His son, Adam, 33, was given a harsher penalty of 6.5 years.

U.S. Attorney Preet Bharara slammed the elder Skelos in a statement issued immediately after the sentence was handed down.

“In the span of just 16 months, we have seen the arrest, prosecution, conviction, and sentencing of both leaders of the New York State legislature," said Bharara.

"The nearly simultaneous convictions of Sheldon Silver and Dean Skelos, whose corruption crimes were laid bare during fair and public trials, have no precedent. And while Silver and Skelos deserve their prison sentences, the people of New York deserve better. These cases show – and history teaches – that the most effective corruption investigations are those that are truly independent and not in danger of either interference or premature shutdown.

 

 

Both were convicted in U.S. District Court in Manhattan in December. Defense lawyers had asked in court filings that the father and son be spared a prison term and instead be sentenced to probation. 

The dynamics of their father-son relationship took center stage at the sentencing hearing.

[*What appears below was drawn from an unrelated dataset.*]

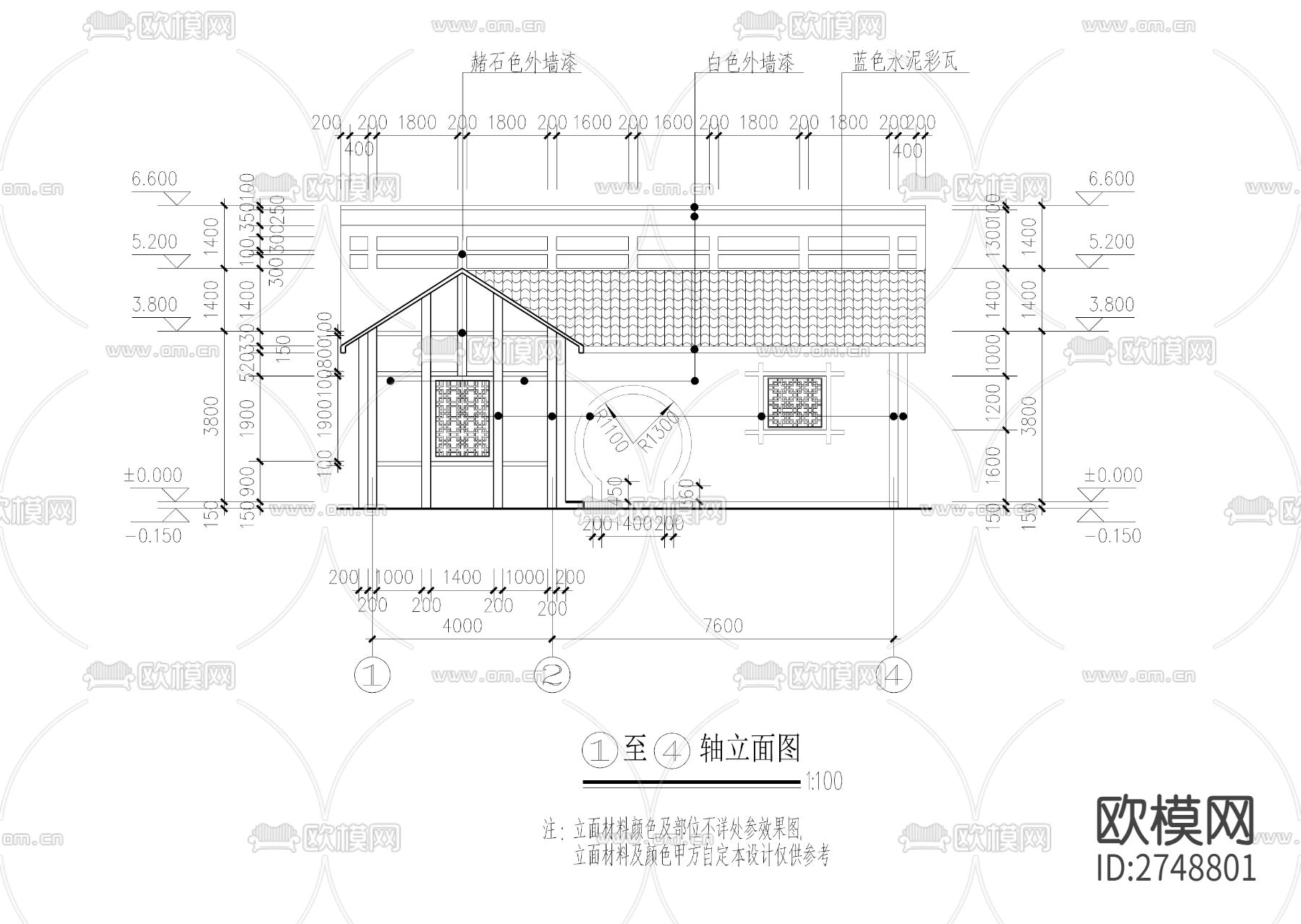 游乐园小卖部 厕所建筑cad施工图下载（渲染图3）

Wood interrupted attorney G. Robert Gage as he spoke on behalf of the Long Island Republican to ask why the father did not reach out to his many friends to help find his son a job rather than use his position to extort companies.

"I wish I could answer that question," Gage said. "I certainly wish it had not happened."

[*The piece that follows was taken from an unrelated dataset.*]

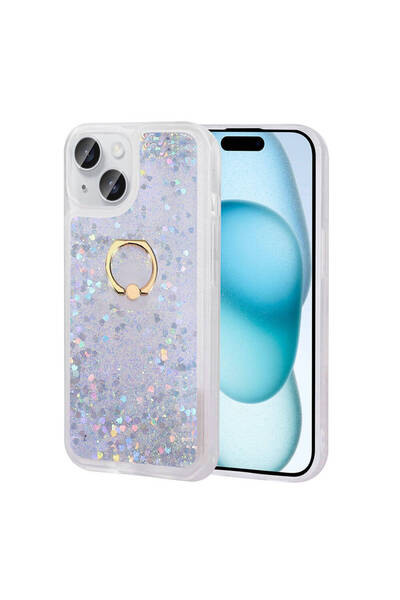 AQUA AKSESUAR Apple  iPhone 15 Plus Uyumlu Akışkan Simli Sıvılı Yüzüklü Parla...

Dean Skelos, 68, told the judge that the convictions had destroyed his reputation and asked for leniency for his son.

"It is heartbreaking to stand before you," he told the judge. "Somewhere along the way my judgment became clouded."

The son said he was deeply embarrassed by his actions and regretted what he had done. He choked up as he spoke about his relationship with his father.

"I love him more than anyone in the world," Adam Skelos, 33, said as his father wiped his own eyes.

 Assistant U.S. Attorney Jason Masimore said it didn't matter that the father and the son were blinded by their love for each other when they committed their crimes. He said that would be like robbing a bank and then saying it was done for the benefit of the family.

"It is a sad day for the state of New York and the people of New York as well," Masimore said. "Dean Skelos knew better."

Prosecutors said in court papers that the father and son sought more than $760,000 in extortion payments, bribes and gratuities and ultimately succeeded in obtaining more than $334,000 to line their family's pockets.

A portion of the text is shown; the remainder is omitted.